> **DATA BELOW**

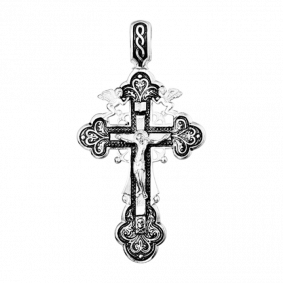 Подвеска-крест из черненого серебра Распятие Христово ЮЗ Елизавета 3529 3529 фото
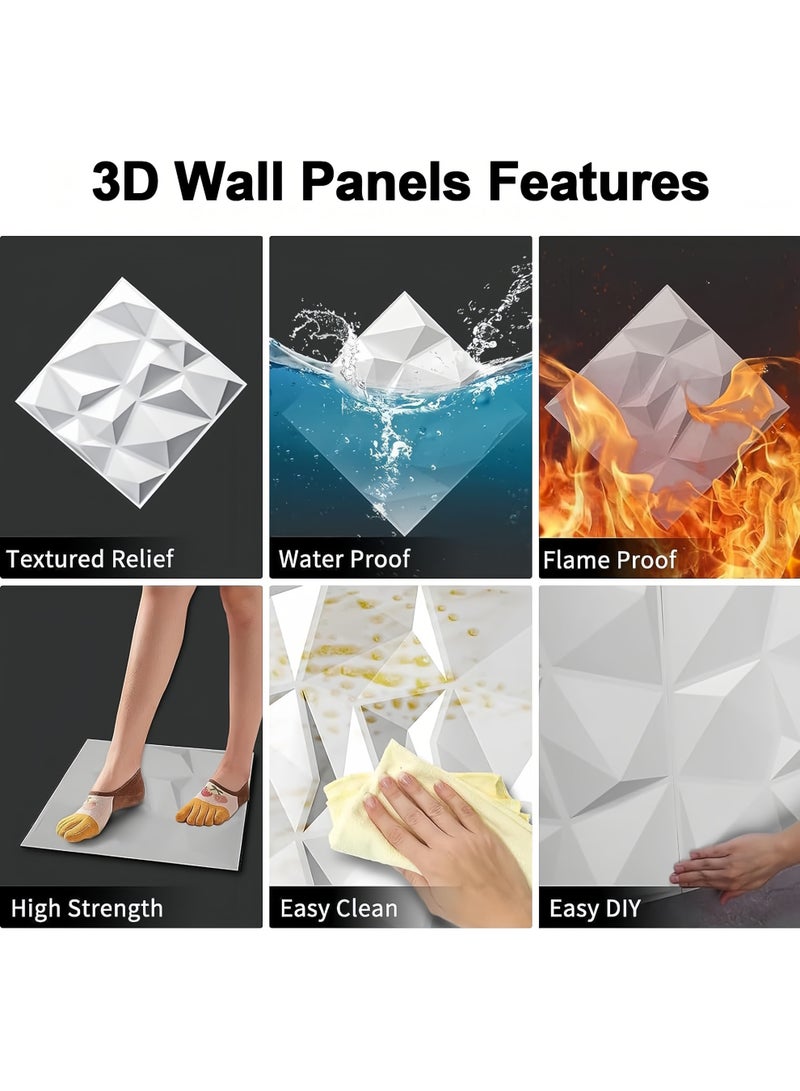 3D Wall Panels,12 Pack Decorative 3D Wall Panels in Diamond Design,30CM/11.8" x 11.8" PVC Waterproof Wall Panel Textured Modern Decor Wall Tiles,for Living Room Bedroom Hotel Office (White) - Image 4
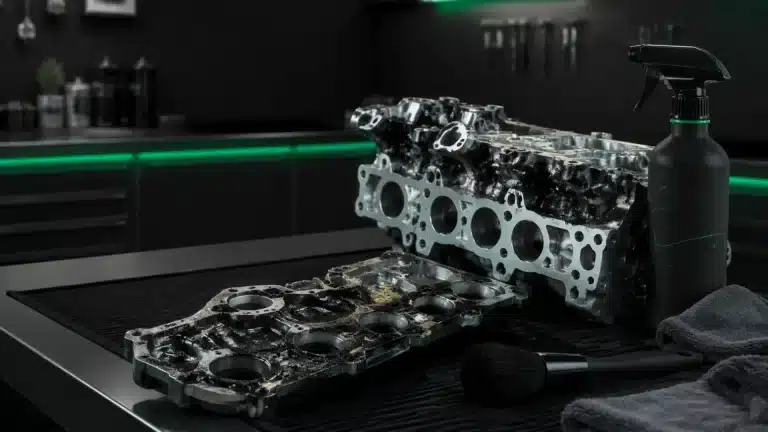 Piezas de aluminio limpias y con carbonilla junto a limpiador técnico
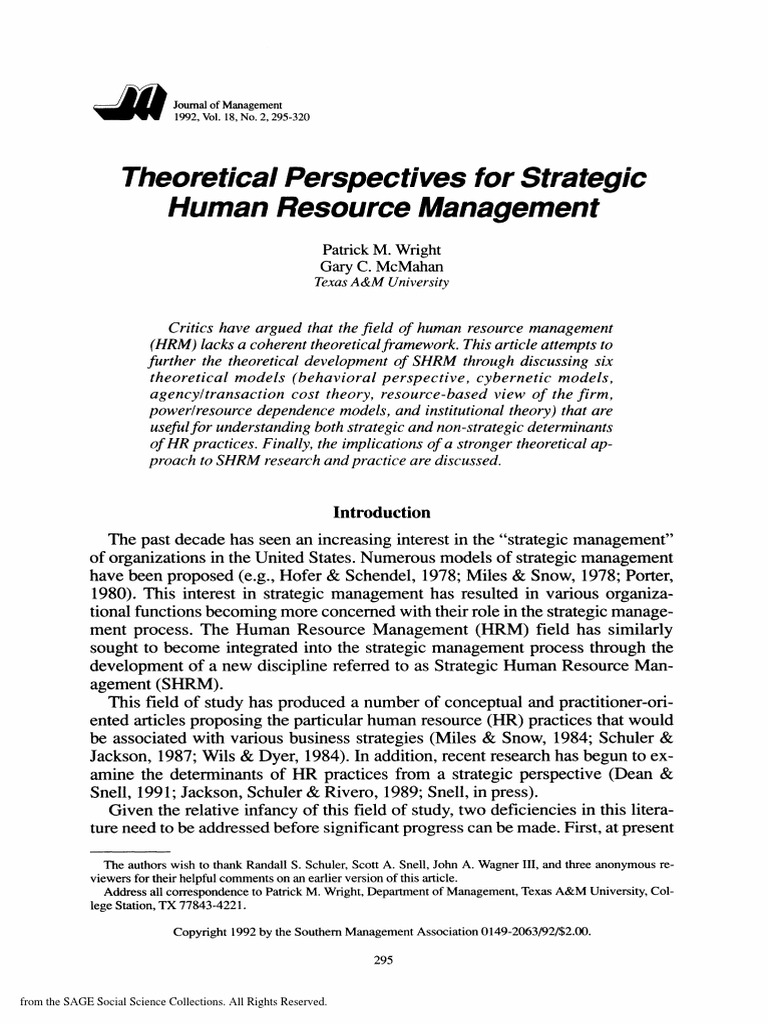 Theoretical Perspectives For Strategic Human Resource Management | PDF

> **REQUIRED ACTION**
Retype the line containing "Piezas de aluminio" and all lines after it through the end of the material, exactly and only those, leaving out pictures.

> **TASK SOLUTION**
 Piezas de aluminio limpias y con carbonilla junto a limpiador técnico
 Theoretical Perspectives For Strategic Human Resource Management | PDF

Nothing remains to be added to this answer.